The Bishop of Paisley, Bishop Philip Tartaglia has labelled Channel 4’s decision to give Peter Tatchell an hour-long prime-time programme in which to attack the Pope and the Catholic Church “disturbing”.
Bishop Tartaglia, who is President of the Church’s National Communications Commission said that Peter Tatchell’s past statements, that "not all sex involving children is unwanted, abusive and harmful" cast “huge doubt on his claim to be an expert on human sexuality or a credible critic of the Pope or of the Catholic Church.”
Channel 4 will broadcast ‘The Trouble With The Pope’, on Monday 13 September – the programme will be presented by Peter Tatchell.
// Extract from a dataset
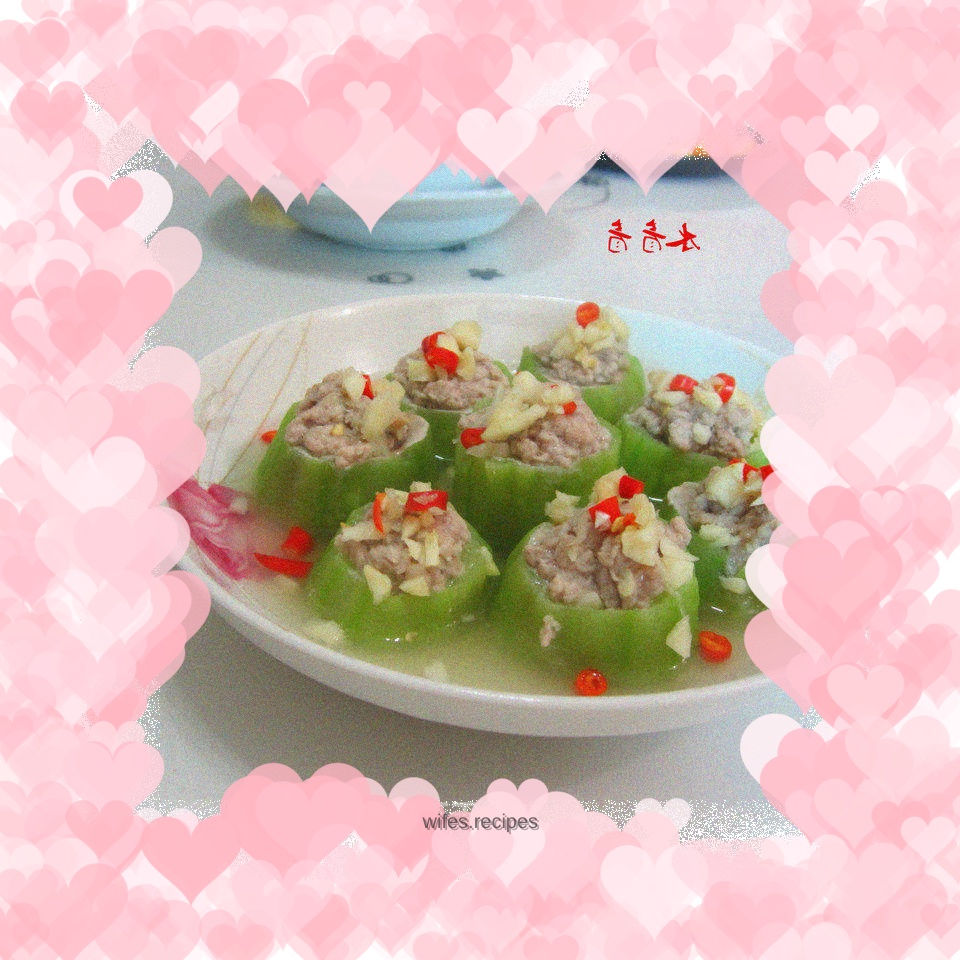 Steamed loofah with garlic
A review copy viewed by the Catholic Media Office has highlighted numerous basic factual errors in the script.
Commenting on it Bishop Philip Tartaglia said: “While the paedophile scandal is a catastrophe for the Catholic Church. It is widely acknowledged that Pope Benedict has done and is doing everything possible to punish perpetrators, console victims and repair the scandal.”
“At the same time, I find it disturbing that Channel 4 should give Peter Tatchell an hour-long prime-time programme in which to attack the Pope and the Catholic Church. The programme shows conclusively that Mr Tatchell knows next to nothing about the real nature and mission of the Catholic Church. And his statement in the past that "not all sex involving children is unwanted, abusive and harmful" surely casts a huge doubt on his claim to be an expert on human sexuality or a credible critic of the Pope or of the Catholic Church.”
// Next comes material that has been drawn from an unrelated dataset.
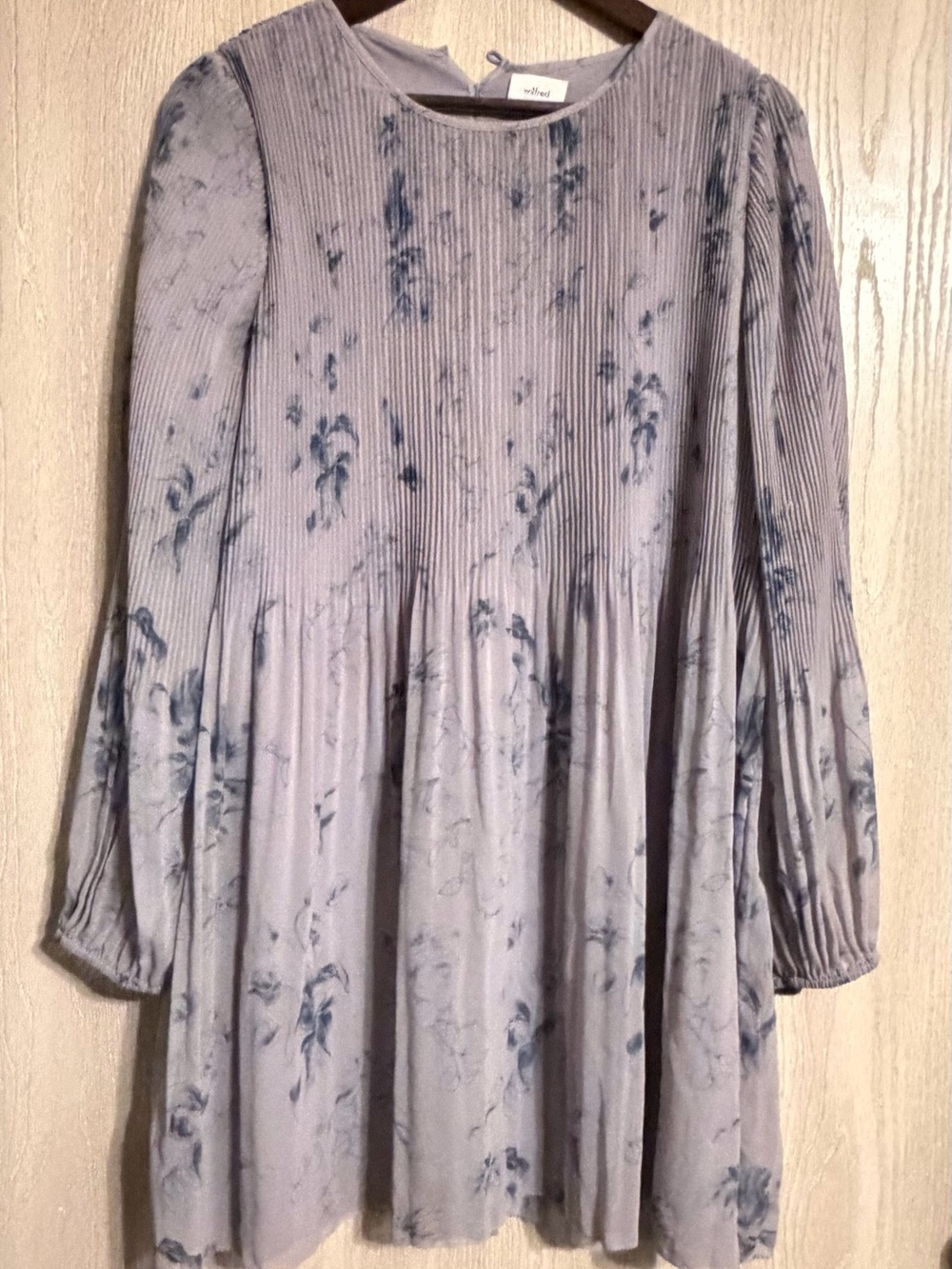 Wilfred Blue Gray Floral Pleated Long-Sleeve Dress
In his quote, Bishop Tartaglia was referring to the 1986 book: ‘The Betrayal of Youth: Radical Perspectives on Childhood Sexuality, Intergenrational Sex, and the Social Oppression of Young People.” Peter Tatchell who has campaigned in favour of lowering the age of consent, contributed a chapter to the now notorious, out of print book. His statement in the text that "not all sex involving children is unwanted, abusive and harmful" is never cited by news outlets who quote his anti Catholic views at some length.
‘The Trouble With The Pope’ attacks the Church for its teaching on contraception suggesting its absence leads to poverty. There is no reference to unfair economic systems, which the Pope and Church has condemned.
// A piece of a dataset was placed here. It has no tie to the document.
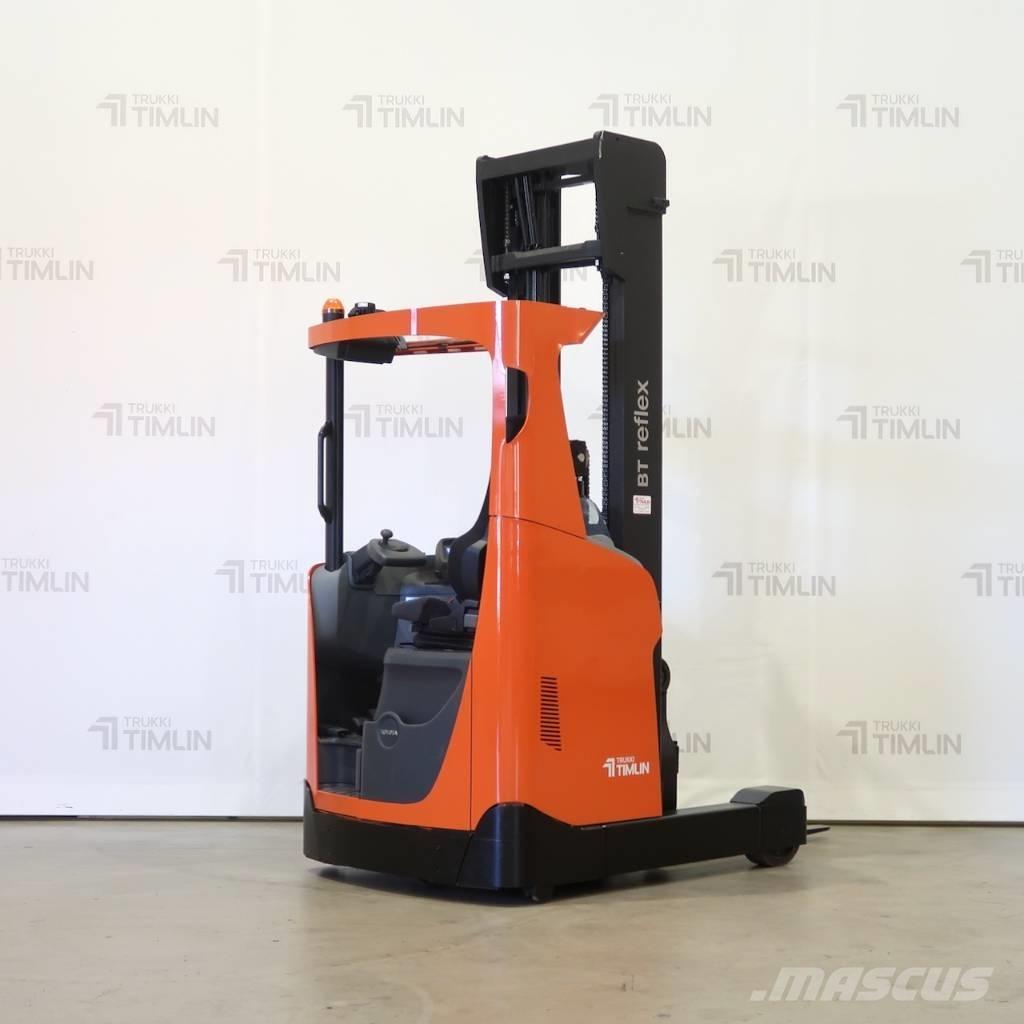 Toyota RRE160H Montacargas de alcance de gran altura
‘The Trouble With The Pope’ suggests that objections to condom use by the Catholic Church have hampered international efforts to combat HIV/AIDS. No mention is made of the self-proclaimed “flaming liberal” Professor Edward C Green of Harvard University, who has said that the Pope was “probably correct in that, sociologically speaking, condoms do not seem to be the answer to HIV/AIDS.” Neither is there any acknowledgement of the predominantly Catholic Philipines low HIV rate or the fact that countries such as South Africa, with huge amounts of condoms and very high rates of HIV has a 95% non-Catholic population.
The programme displays an utterly mistaken understanding of the Church’s teaching on Papal infallibility demonstrating conclusively that no Catholic advice was sought in the production.
The Pope is criticised in the broadcast for being uncaring and dogmatic because the Church objects to the destruction of human life implicit in embryo research. No mention is made of the consistent failure of embryonic stem cell treatments and absolutely nothing is said about ethically acceptable adult stem cell research and its advances.